The targeted search for meteorites has taken place annually since the late 1960s, leading to the recovery of over 50,000 specimens from the continent, and counting. The most prolific of these search teams is the US-led Antarctic Search for Meteorites ANSMET), which lay claim to over half of these finds. Comprising only a handful of enthusiasts, this team camps out on the slopes of the Transantarctic Mountains for around 6 weeks hunting for meteorites. The finds include rocks originating from asteroids, the Moon and Mars.

 

Evidence of life in a meteorite?

There has long been a link between meteorites and the potential for life beyond Earth. Perhaps the most famous, or rather infamous, meteorite found in Antarctica is the Alan Hills 84001 meteorite (ALH84001). Found by the 1984 ANSMET team, this meteorite was blasted from the surface of Mars some 17 million years ago as a result of an asteroid or meteorite impact, falling to Earth around 13,000 years ago. This piece of crystallised Martian lava is roughly 4.5 billion years old. The reason for its infamy is the widely publicised claim made a decade after its discovery that it harbours evidence of Martian life [McKay et al 1996]. Specifically, application of high resolution electron microscopy unearthed microstructures comprising magnetite crystals that looked, to the NASA scientist David McKay and his team, like fossilised microbial life, albeit at the nanoscale (see Fig. 2).

Fig.2: A nanoscale magnetite microstructure that was interpreted as fossilised microbial life from Mars [Credit: D McKay (NASA), K. Thomas-Keprta (Lockheed-Martin), R. Zare (Stanford), NASA].

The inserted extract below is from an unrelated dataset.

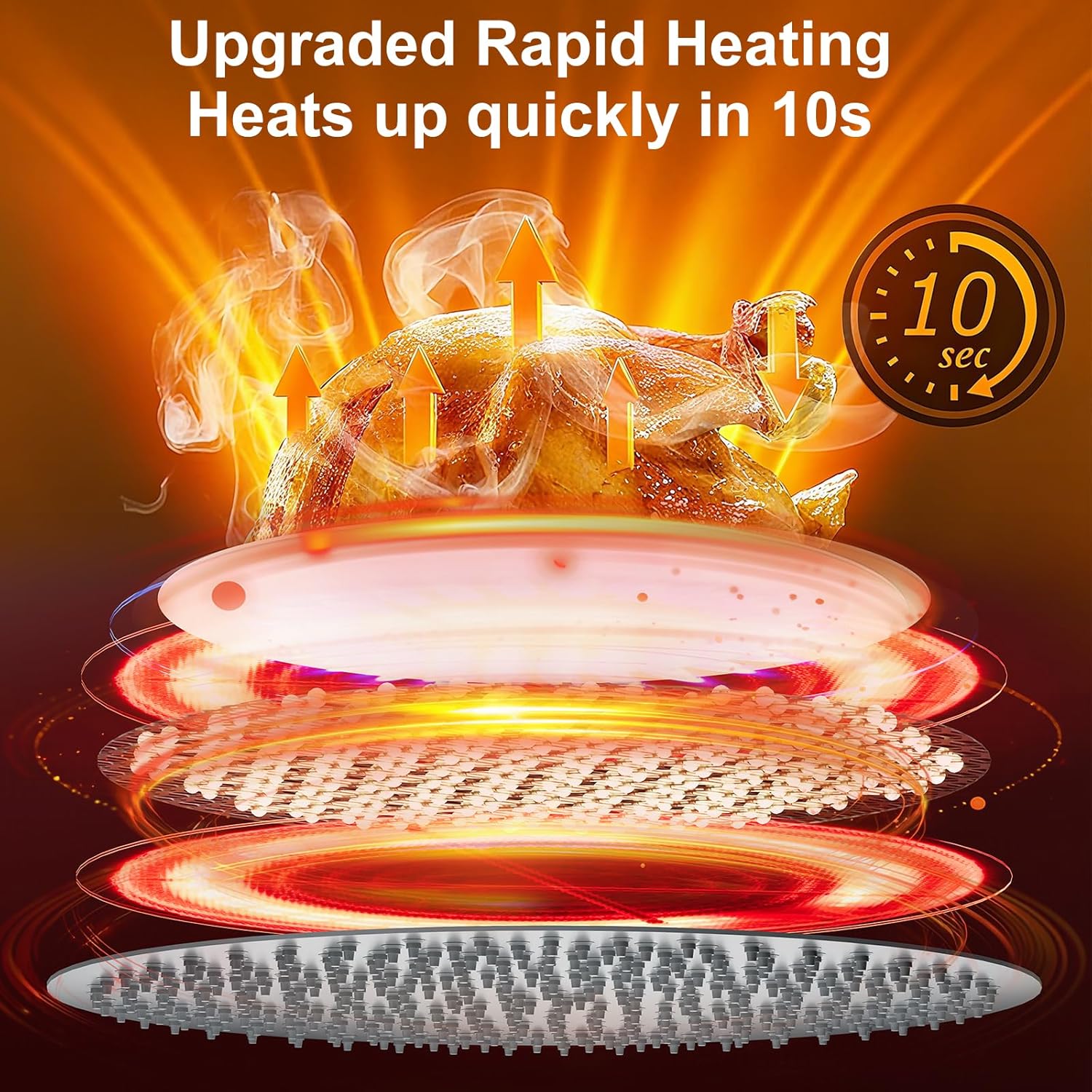 Warming Mat For Food XXL 500W Food Warming Mat 36"X16" Waterproof Graphene Warming Trays For Buffets Party Food Warmers For Parties Buffet 6 Temp 6H Chafing Dishes For Buffet Valentine Gifts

Such a finding of evidence for extraterrestrial life has huge implications for the presence of life beyond Earth, a subject that has captivated humankind since ancient times. This extraordinary claim made headline news across the globe. It even gained acknowledgement by the then US president Bill Clinton. In the words popularised by Carl Sagan, “extraordinary claims require extraordinary evidence”, and this one garnered considerable controversy that endures today. At the time, there was no known process that did not involve life that could result in these types of structures. Subsequent research, triggered by this claim, has since indicated otherwise. The debate rolls on, and it seems we will never really know whether the crystals structures are fossils of Martian life or not, with no conclusive evidence on either side of the argument. Nevertheless, the interest and attention gained through this story kick-started a flurry of hugely successful Mars exploration missions, as well as reinvigorated the search for life beyond Earth.

 

Meteorites as microbial fuel

The ALH840001 is an unusual connection between meteorites and the search for extraterrestrial life. Much subtler, but more wide-reaching, is the potentially important connection between organic-containing meteorites and the existence of life elsewhere. The chondrite class of meteorites originates from the early solar system, specifically from primitive asteroids that formed from the accretion of dust and grains. They are the most common type of meteorite that falls to Earth, and contain a wide array of organic compounds, including nucleotides and amino acids, the so-called building blocks of life. In addition, a number of organic compounds that reside in these meteorites are also common on Earth, and are known to fuel microbial life by serving as a source of energy and nutrients for an array of microorganisms [Nixon et al 2012]. These meteorites have fallen to Earth and Mars for billions of years, since before the emergence and proliferation of life as we understand it. A significant quantity of these meteorites, and the organic matter contained within them, has therefore accumulated on Mars. In fact, owing to the thinner atmosphere of Mars, a larger quantity is expected to have accumulated there than on Earth, and with more of its organic content intact. It is a therefore a distinct possibility that these meteorites may play an important role in the emergence, or even persistence, of life on Mars, if such life has ever existed [Nixon et al 2013].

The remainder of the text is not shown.